TASK DIRECTIONS: In the listing below, find the line that contains "Bravissimo Llebre 3, With" and the line that contains "Tropikal adanın kristal". Quote both and every line between them, exactly, and nothing more.

DATA:
Content starts
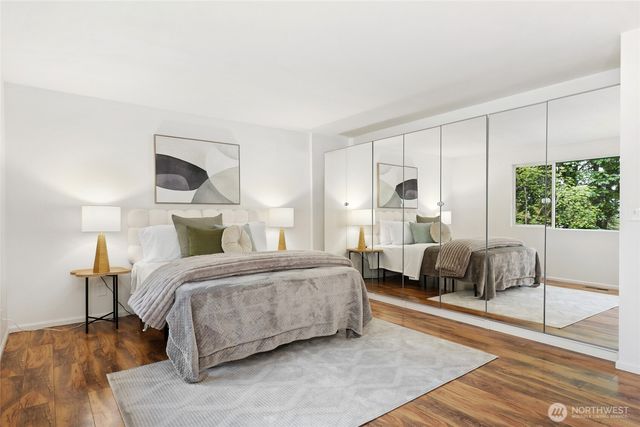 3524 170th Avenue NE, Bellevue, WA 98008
Content ends
Content starts
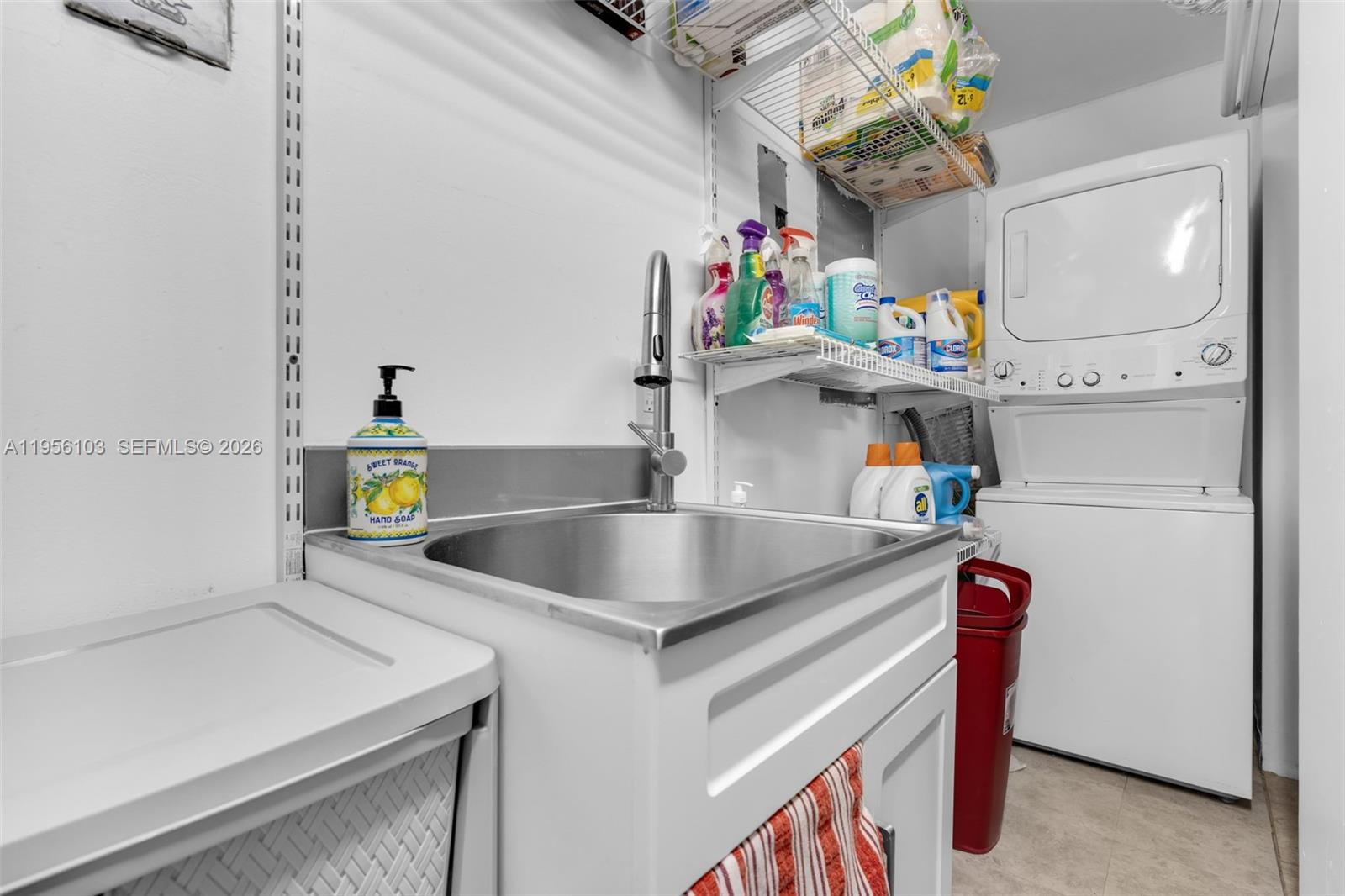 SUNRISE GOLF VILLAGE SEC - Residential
Content ends
Content starts
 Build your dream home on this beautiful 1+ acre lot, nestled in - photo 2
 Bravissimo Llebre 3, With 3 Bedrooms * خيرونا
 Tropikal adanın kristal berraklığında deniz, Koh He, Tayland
Content ends
RESULT:
 Bravissimo Llebre 3, With 3 Bedrooms * خيرونا
 Tropikal adanın kristal berraklığında deniz, Koh He, Tayland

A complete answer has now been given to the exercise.